Return exactly, with nothing added, the lines from the one that contains "SHEIN Tall Damen" through the end of the listing below, pictures excluded.

◆ Data segment:
* * *

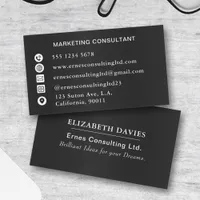 Professional Elegant Modern Black and White Business Card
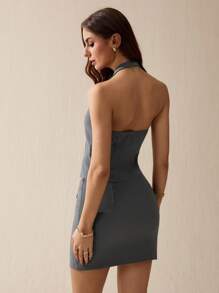 SHEIN Tall Damen Set bestehend aus einfarbigem ärmellosen Top mit Knopfleiste am Ausschnitt und Mini-Rock, 2-teilig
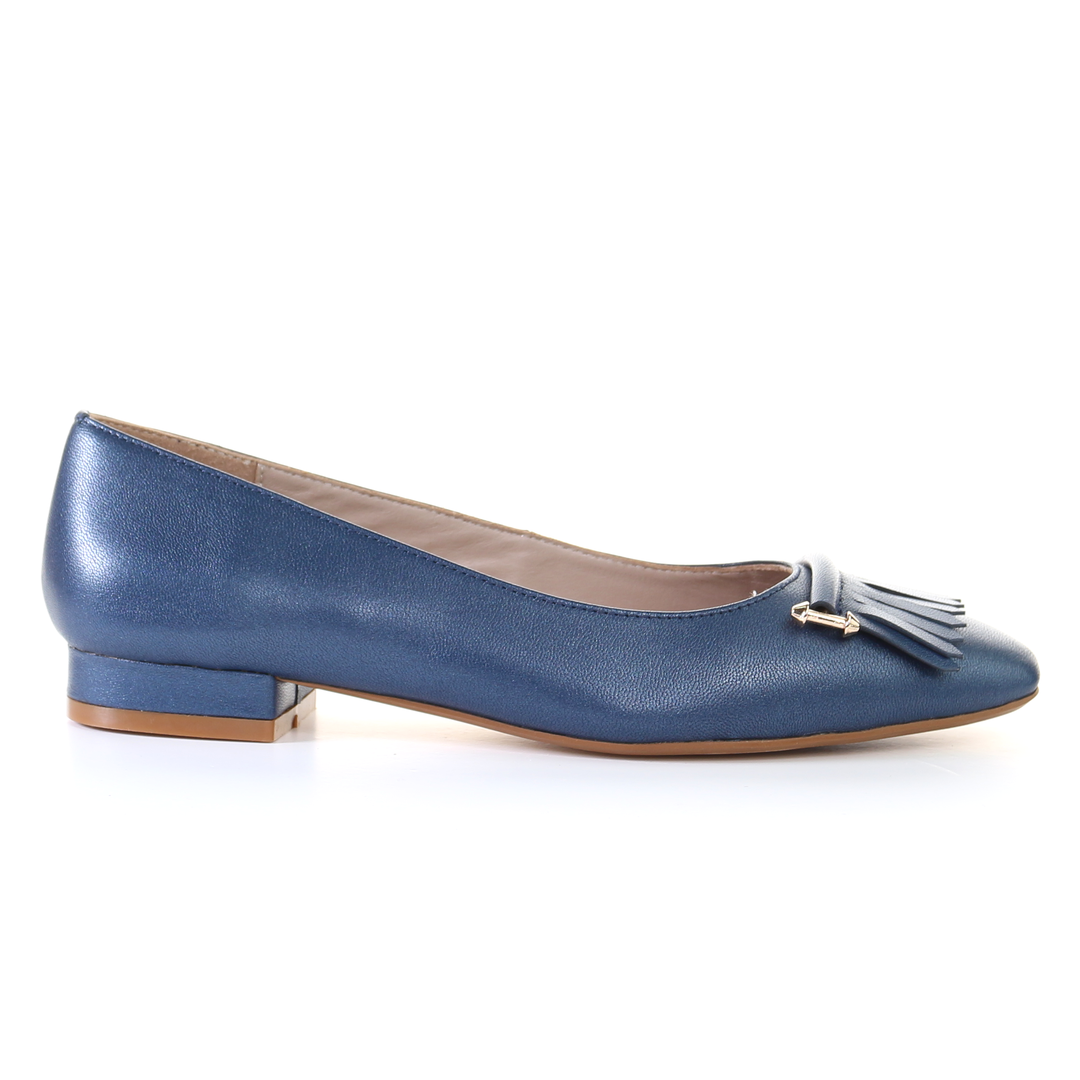 Tassel Leather Square Toe Ballerina (Blue)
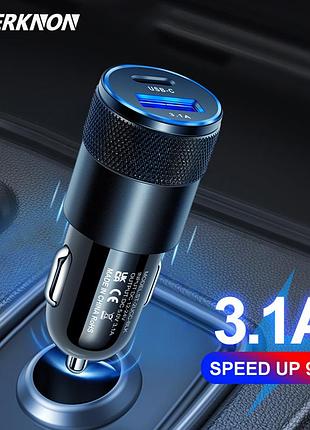 Новий автомобільний зарядний пристрій 15 w 3.1 a usb + type-c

* * *

◆ Answer space:
 SHEIN Tall Damen Set bestehend aus einfarbigem ärmellosen Top mit Knopfleiste am Ausschnitt und Mini-Rock, 2-teilig
 Tassel Leather Square Toe Ballerina (Blue)
 Новий автомобільний зарядний пристрій 15 w 3.1 a usb + type-c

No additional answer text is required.